------ Records

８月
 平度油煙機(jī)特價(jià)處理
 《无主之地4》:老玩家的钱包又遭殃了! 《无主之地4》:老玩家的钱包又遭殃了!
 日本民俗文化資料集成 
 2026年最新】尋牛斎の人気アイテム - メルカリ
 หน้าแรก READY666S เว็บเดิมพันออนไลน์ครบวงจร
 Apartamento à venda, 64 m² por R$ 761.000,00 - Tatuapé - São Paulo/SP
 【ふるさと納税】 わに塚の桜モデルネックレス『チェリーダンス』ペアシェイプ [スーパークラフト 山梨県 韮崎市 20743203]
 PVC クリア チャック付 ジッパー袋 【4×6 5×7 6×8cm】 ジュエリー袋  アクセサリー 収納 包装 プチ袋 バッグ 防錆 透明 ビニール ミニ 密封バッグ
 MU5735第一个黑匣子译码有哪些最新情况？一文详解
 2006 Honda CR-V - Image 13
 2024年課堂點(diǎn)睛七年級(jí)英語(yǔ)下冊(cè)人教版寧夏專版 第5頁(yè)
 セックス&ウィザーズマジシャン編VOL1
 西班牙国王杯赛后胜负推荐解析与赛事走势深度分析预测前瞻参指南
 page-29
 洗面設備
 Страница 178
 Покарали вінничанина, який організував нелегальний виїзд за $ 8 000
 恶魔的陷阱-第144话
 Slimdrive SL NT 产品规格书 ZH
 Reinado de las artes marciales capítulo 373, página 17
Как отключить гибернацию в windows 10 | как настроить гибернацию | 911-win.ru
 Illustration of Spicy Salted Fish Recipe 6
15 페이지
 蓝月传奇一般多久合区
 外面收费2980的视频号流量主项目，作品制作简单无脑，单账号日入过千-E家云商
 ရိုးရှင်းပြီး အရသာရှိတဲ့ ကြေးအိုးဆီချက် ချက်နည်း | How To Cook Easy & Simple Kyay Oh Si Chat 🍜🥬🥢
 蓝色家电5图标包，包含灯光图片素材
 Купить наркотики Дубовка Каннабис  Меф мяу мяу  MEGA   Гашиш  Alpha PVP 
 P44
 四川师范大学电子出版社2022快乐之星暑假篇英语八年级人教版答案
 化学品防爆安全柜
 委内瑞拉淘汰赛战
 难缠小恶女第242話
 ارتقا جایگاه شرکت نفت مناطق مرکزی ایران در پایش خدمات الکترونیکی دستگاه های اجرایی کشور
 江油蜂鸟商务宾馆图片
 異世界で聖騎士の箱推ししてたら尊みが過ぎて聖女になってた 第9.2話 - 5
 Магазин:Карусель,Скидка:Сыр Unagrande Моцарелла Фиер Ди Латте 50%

------------

Nothing but the lines from the top of the entries above through the line with "セックス&ウィザーズマジシャン編VOL1" should be set down, each exactly as written.

８月
 平度油煙機(jī)特價(jià)處理
 《无主之地4》:老玩家的钱包又遭殃了! 《无主之地4》:老玩家的钱包又遭殃了!
 日本民俗文化資料集成 
 2026年最新】尋牛斎の人気アイテム - メルカリ
 หน้าแรก READY666S เว็บเดิมพันออนไลน์ครบวงจร
 Apartamento à venda, 64 m² por R$ 761.000,00 - Tatuapé - São Paulo/SP
 【ふるさと納税】 わに塚の桜モデルネックレス『チェリーダンス』ペアシェイプ [スーパークラフト 山梨県 韮崎市 20743203]
 PVC クリア チャック付 ジッパー袋 【4×6 5×7 6×8cm】 ジュエリー袋  アクセサリー 収納 包装 プチ袋 バッグ 防錆 透明 ビニール ミニ 密封バッグ
 MU5735第一个黑匣子译码有哪些最新情况？一文详解
 2006 Honda CR-V - Image 13
 2024年課堂點(diǎn)睛七年級(jí)英語(yǔ)下冊(cè)人教版寧夏專版 第5頁(yè)
 セックス&ウィザーズマジシャン編VOL1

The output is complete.